Which lines of the entries below include "choose"? List them all.

**Provided material**
________________________________________

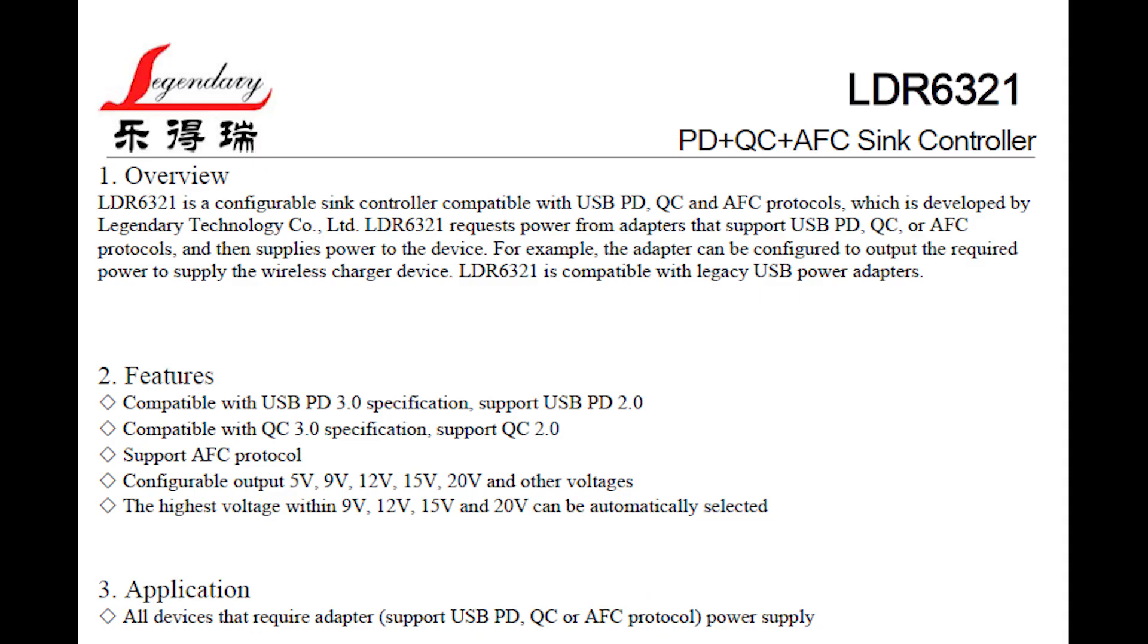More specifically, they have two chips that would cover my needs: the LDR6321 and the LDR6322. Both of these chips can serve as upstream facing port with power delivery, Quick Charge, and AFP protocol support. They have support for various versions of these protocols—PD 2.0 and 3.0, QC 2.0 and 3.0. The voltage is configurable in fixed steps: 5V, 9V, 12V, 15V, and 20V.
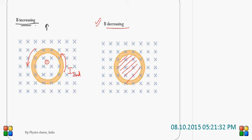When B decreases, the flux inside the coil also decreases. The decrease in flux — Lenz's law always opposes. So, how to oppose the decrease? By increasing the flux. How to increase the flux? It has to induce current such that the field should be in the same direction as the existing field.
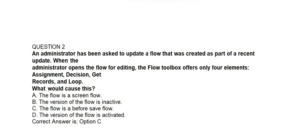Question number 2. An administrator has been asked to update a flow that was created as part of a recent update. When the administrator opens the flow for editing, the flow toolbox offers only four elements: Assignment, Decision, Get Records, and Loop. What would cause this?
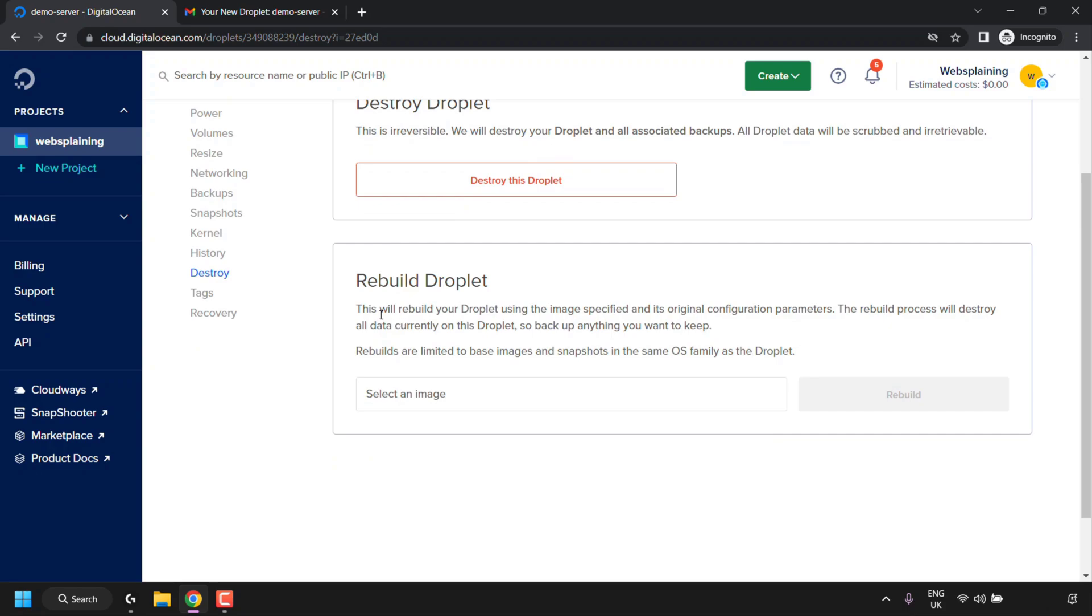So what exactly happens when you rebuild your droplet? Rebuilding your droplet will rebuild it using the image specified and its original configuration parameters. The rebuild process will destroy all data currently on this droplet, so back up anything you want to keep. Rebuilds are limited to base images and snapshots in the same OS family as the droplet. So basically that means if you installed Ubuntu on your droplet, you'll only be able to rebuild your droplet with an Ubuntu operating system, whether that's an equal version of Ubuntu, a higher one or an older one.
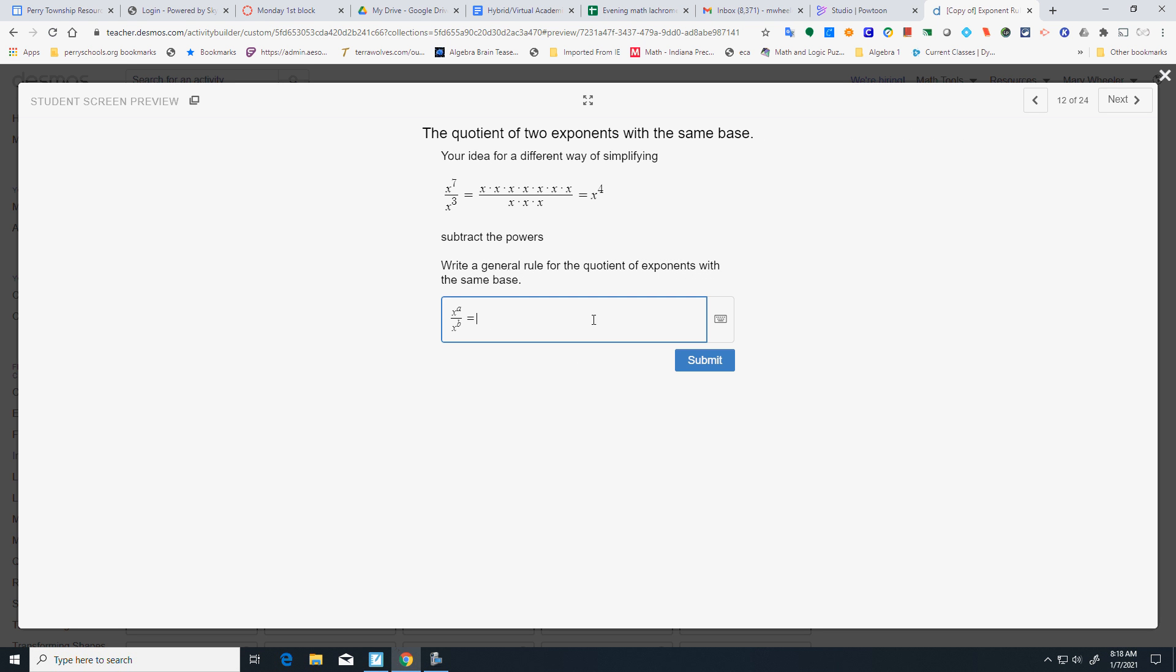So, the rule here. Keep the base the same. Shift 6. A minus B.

________________________________________

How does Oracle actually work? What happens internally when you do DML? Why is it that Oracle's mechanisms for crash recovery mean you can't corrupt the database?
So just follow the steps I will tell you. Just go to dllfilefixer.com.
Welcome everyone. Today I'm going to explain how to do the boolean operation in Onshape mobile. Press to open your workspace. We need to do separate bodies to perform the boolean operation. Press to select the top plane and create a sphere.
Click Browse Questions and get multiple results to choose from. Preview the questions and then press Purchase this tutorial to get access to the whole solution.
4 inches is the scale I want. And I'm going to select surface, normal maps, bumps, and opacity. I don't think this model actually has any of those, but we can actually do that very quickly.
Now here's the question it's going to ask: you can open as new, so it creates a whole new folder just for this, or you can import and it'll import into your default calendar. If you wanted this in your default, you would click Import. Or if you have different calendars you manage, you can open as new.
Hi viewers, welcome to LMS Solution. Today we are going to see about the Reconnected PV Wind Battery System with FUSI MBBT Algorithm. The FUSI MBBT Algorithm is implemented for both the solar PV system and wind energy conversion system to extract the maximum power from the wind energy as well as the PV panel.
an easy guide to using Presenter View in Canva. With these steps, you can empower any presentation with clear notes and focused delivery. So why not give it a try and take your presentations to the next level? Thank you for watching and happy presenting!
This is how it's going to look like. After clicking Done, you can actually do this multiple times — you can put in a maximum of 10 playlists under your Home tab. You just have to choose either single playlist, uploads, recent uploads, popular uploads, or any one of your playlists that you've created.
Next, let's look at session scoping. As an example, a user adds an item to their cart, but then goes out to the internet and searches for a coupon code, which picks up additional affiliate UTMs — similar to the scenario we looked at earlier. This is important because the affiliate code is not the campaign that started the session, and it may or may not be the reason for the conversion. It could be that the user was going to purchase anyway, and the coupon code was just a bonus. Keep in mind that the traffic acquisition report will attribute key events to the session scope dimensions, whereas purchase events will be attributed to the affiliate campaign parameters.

________________________________________

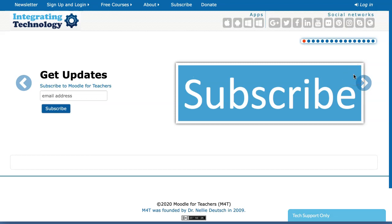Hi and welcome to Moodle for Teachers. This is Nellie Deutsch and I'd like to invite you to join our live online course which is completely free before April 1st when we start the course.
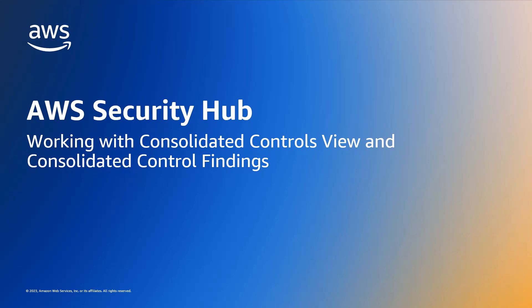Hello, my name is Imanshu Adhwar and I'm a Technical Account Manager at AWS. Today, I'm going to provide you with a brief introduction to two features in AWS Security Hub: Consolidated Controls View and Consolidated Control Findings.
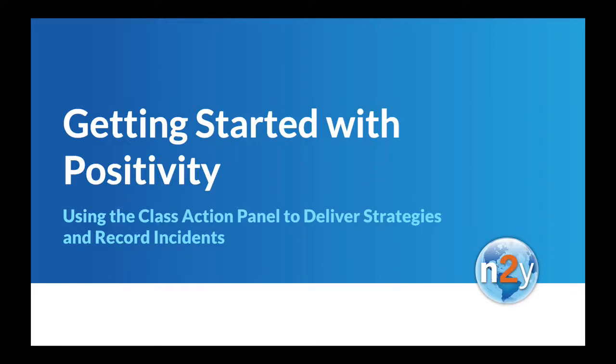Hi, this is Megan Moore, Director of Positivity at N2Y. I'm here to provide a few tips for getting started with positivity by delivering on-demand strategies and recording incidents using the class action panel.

________________________________________

**Task result**
Click Browse Questions and get multiple results to choose from. Preview the questions and then press Purchase this tutorial to get access to the whole solution.
This is how it's going to look like. After clicking Done, you can actually do this multiple times — you can put in a maximum of 10 playlists under your Home tab. You just have to choose either single playlist, uploads, recent uploads, popular uploads, or any one of your playlists that you've created.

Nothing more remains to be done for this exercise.